■ Task objective ■
Records follow. Print exactly the lines from the one that has "Used 2026 Genesis G70 2.5T image 28" through the one that has "SEK Einsatz in", inclusive, and omit the pictures.

╭─ Records for the exercise

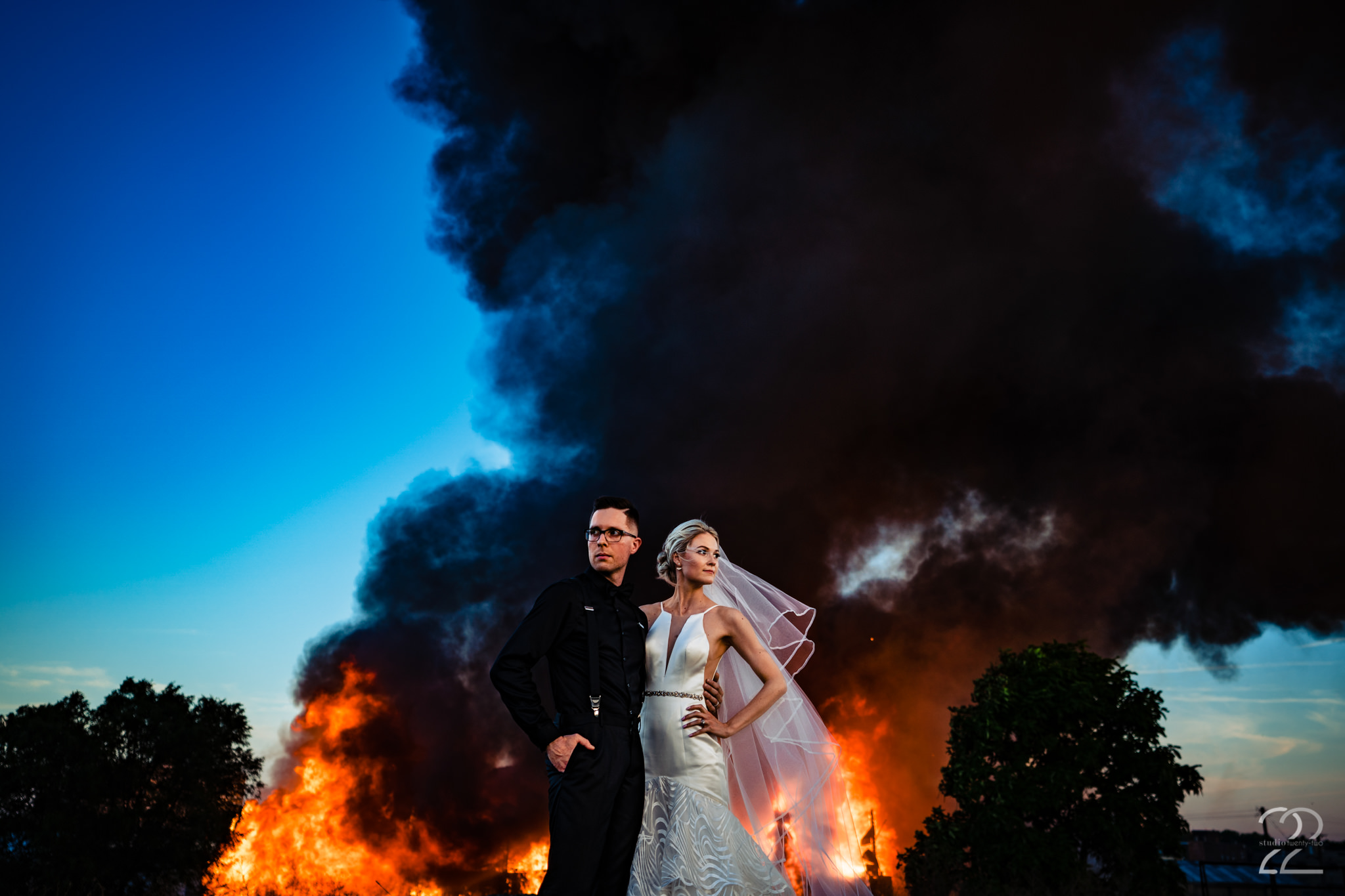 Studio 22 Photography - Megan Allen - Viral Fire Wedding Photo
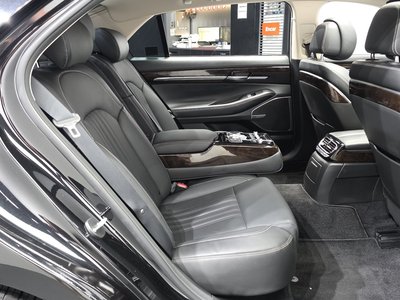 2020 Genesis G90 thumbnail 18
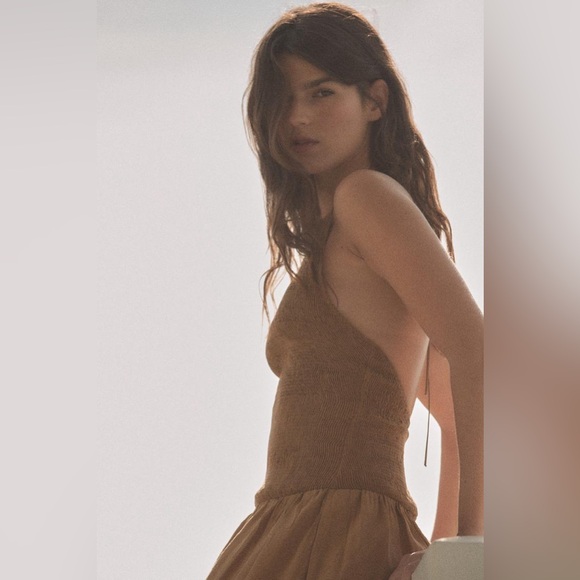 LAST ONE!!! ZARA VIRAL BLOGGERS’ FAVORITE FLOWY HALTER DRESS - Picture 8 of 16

╰─
╭─ Records for the exercise

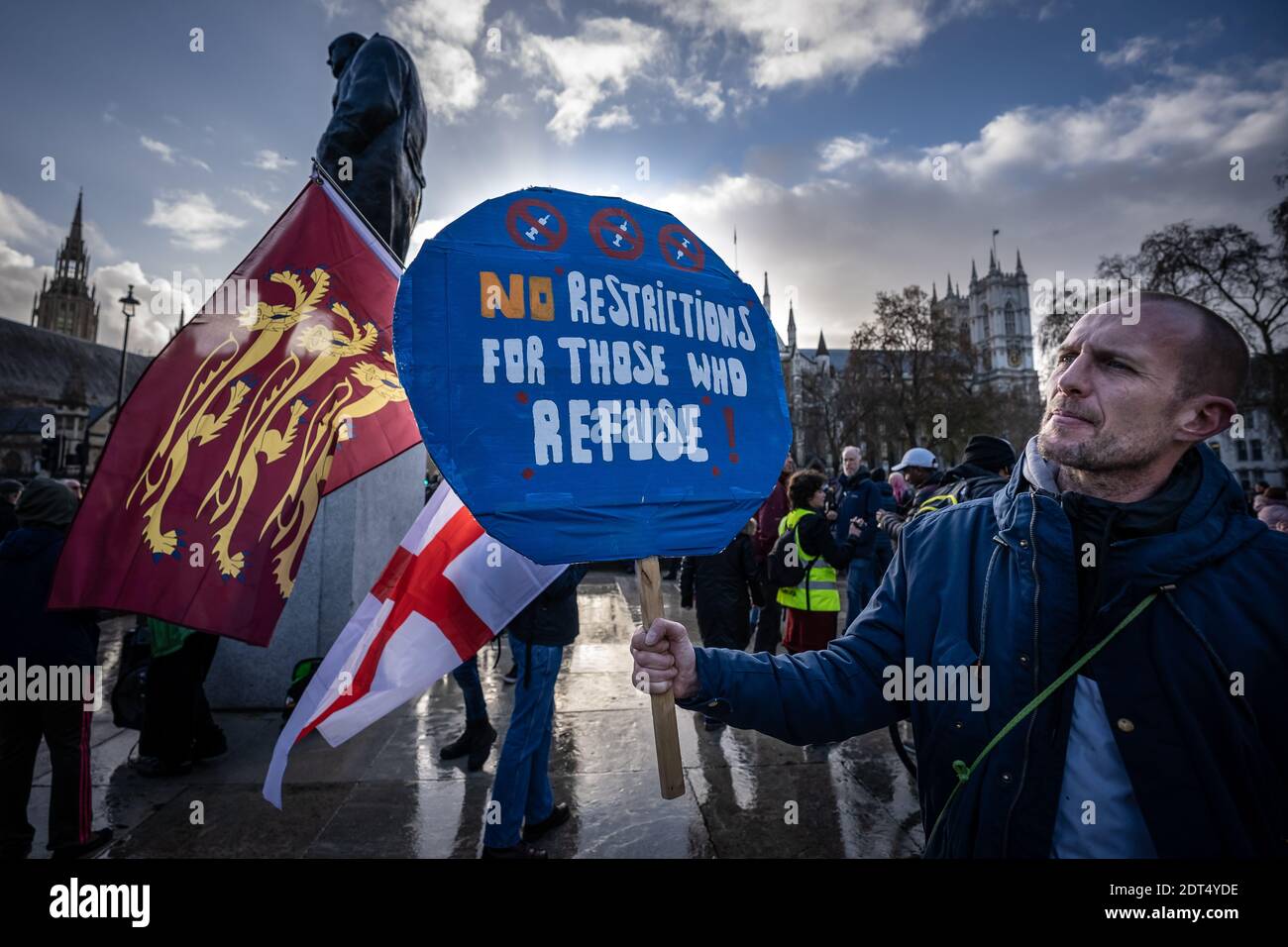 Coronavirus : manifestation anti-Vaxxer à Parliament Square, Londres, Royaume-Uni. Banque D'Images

╰─
╭─ Records for the exercise

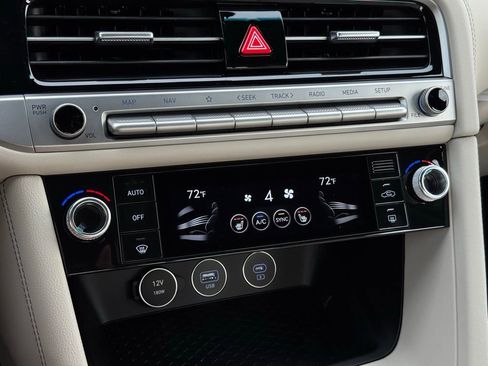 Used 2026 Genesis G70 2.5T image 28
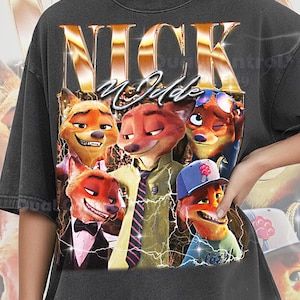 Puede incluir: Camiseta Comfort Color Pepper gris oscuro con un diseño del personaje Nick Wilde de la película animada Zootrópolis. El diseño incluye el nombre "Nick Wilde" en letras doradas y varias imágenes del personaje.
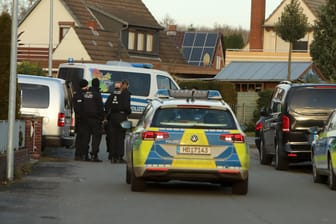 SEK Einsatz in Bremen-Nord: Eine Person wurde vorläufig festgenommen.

╰─

■ Response area ■
 Used 2026 Genesis G70 2.5T image 28
 Puede incluir: Camiseta Comfort Color Pepper gris oscuro con un diseño del personaje Nick Wilde de la película animada Zootrópolis. El diseño incluye el nombre "Nick Wilde" en letras doradas y varias imágenes del personaje.
 SEK Einsatz in Bremen-Nord: Eine Person wurde vorläufig festgenommen.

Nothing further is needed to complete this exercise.